Damit wäre diese Angelegenheit geklärt. Zur Beantwortung einer anderen Frage hat Jürgen Hubbert dann wieder ein Argument verwendet, das den Daimler-Betriebsrat "auf die Palme" gebracht hat.

Die Frage der Stuttgarter Zeitung an Jürgen Hubbert war:
 

"Der reinrassige Silberpfeil bleibt also ein Traum?"

Jürgen Hubbert: "Selbst wenn wir ihn wollten - das ist nicht zu schaffen, weil wir in Deutschland ganz andere Rahmenbedingungen haben. Wenn Sie in Japan feststellen, daß Sie ein Problem haben, dann arbeiten die Teams in England Tag und Nacht daran, auch am Wochenende. Bei uns müßte ich den Betriebsrat vier Wochen vorher fragen, ob ich eine Sonderschicht am Sonntag fahren darf."

Diese Aussage hat den Betriebsrat "mit großer Verwunderung" erfüllt. Und so schrieb Dipl.-Ing. Klaus Flaig, unabhängiger Betriebsrat der Daimler-Benz AG, Untertürkheim, nur wenige Tage später einen Leserbrief  folgenden Inhalts an die "Stuttgarter Zeitung":
 
"Mit großer Verwunderung habe ich die Aussage des Daimler-Vorstands Jürgen Hubbert gelesen, ein reinrassiger Silberpfeil wäre wegen der notwendigen Überstundengenehmigung durch den Betriebsrat in Deutschland nicht zu schaffen.

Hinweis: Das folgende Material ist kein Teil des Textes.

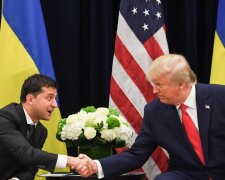 Розмову Зеленського з Трампом українці перетворили на меми: фото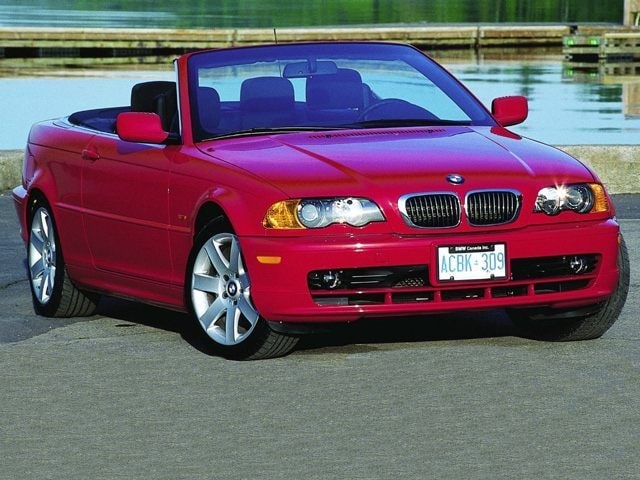 bmw 3 series 2001 WBABS53421JU80484 image bmw 3 series 2001 WBABS53421JU80484 image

Der Betriebsrat hat im Zusammenhang mit dem Motorsport noch nie Überstunden verweigert. Überstunden - auch an Samstagen und Sonntagen - wurden und werden nicht nur für den Rennsport, sondern auch für andere Anlässe wie zum Beispiel Versuchsfahrten, Ausstellungen, Messen, Pressetermine usw. immer vom Betriebsrat genehmigt. Dabei besteht der Betriebsrat nicht darauf, daß diese Überstunden vier Wochen im voraus beantragt werden, sondern genehmigt sie, wenn notwendig auch im nachhinein.

Wenn der Vorstand keinen reinrassigen Silberpfeil bauen läßt, und die wahren Gründe dafür nicht nennen will, dann sollte er besser schweigen und nicht den Betriebsrat dafür verantwortlich machen."

Das ist klar und unmißverständlich. Manchmal macht es sich Jürgen Hubbert eben zu leicht. Und anderen damit schwer. Erinnert man sich noch der herablassenden Aussagen des Herrn Vorstandes zu den kleinen englischen Formel 1-Teams, die von Sponsorgengeldern - oft Tabakwerbung - abhängig sind?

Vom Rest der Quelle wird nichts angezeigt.